What I’d like to do is have an option for fprime to be either provided or not provided to the Wolfe line search. If the objective has a nice/cheap gradient then the current behavior is fine (passing the gradient function as fprime, and computing directional derivatives with an inner product), but if the objective is derivative-free then derphi should be computed with finite differencing along the search direction (just one extra function evaluation) instead of using fprime.
Estimating gradients with finite differences relies on a good choice of step size. Good step defaults are automatically chosen by `optimize._numdiff.approx_derivative` when fprime is estimated numerically.

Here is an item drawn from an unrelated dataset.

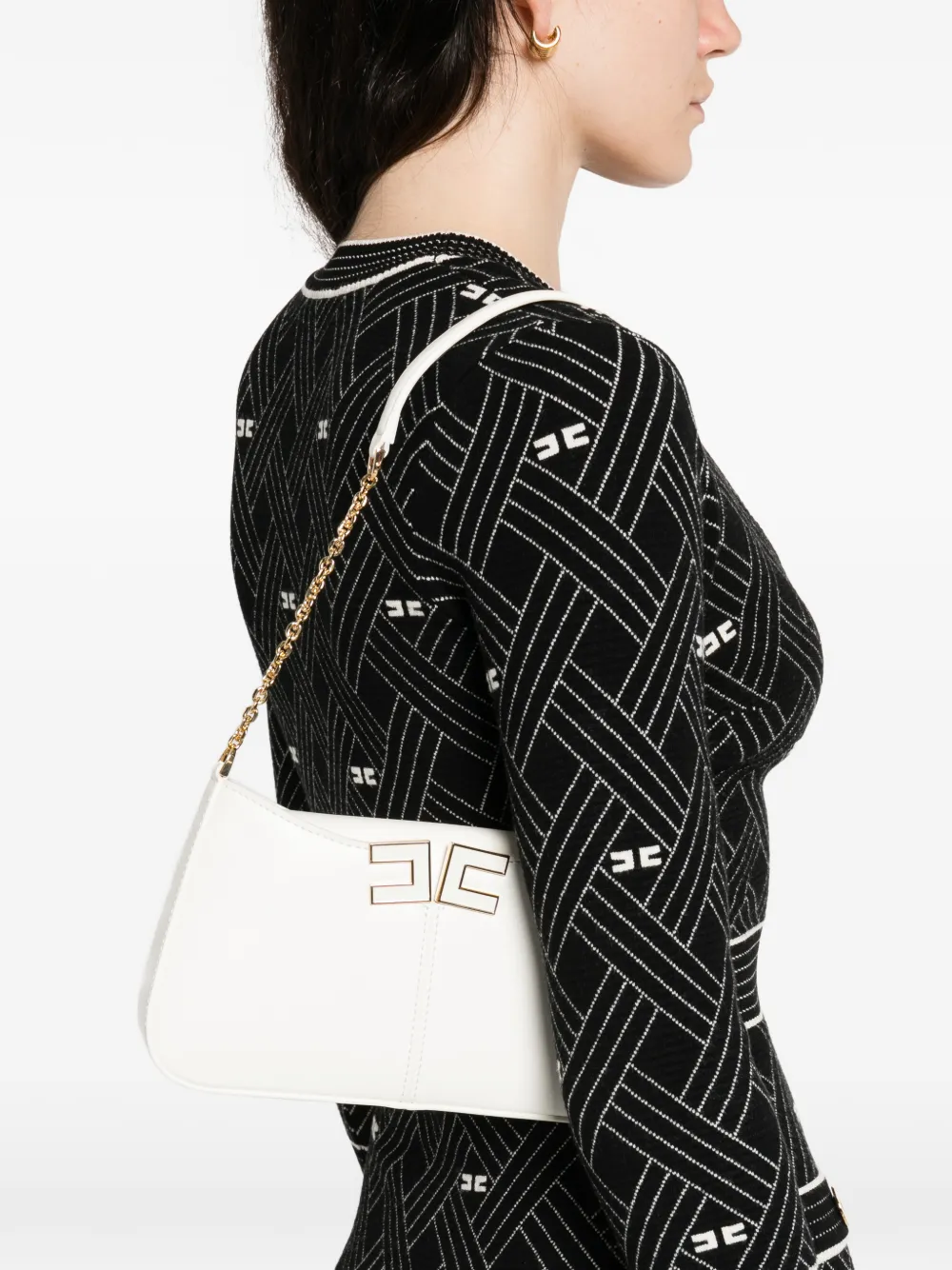 Elisabetta Franchi logo chain shoulder bag - Wit
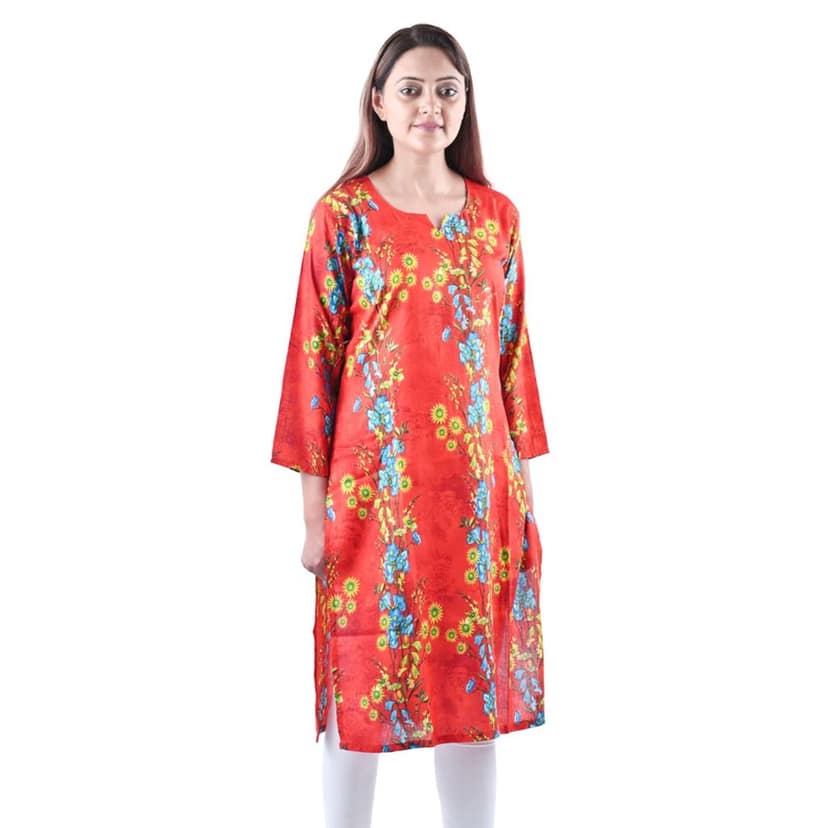 Rayon Fabric Red Printed Stylish New design Kurti Women's view 2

Estimating derphi with numerical differentiation along the search direction would first of all require a good step size along the search direction, `pk`. Whilst this may be ok if the parameter scaling, pk, and the derivatives are well chosen/well behaved (e.g. all the parameters are the same magnitude, etc), I'm concerned that there will be cases where it won't be as numerically accurate/stable as the existing behaviour. For example, a chosen step along pk may result in individual dx that aren't optimal from a numerical differentiation viewpoint. How would one know if a specific system was exhibiting that behaviour? I'd expect the current code to be more robust than your proposed alternative. Having said that, I'm not an expert in this domain, so I'd be interested to hear what someone who is more expert than me has to say. Can you point to any literature that says that your proposed changes are generally acceptable? Andrew.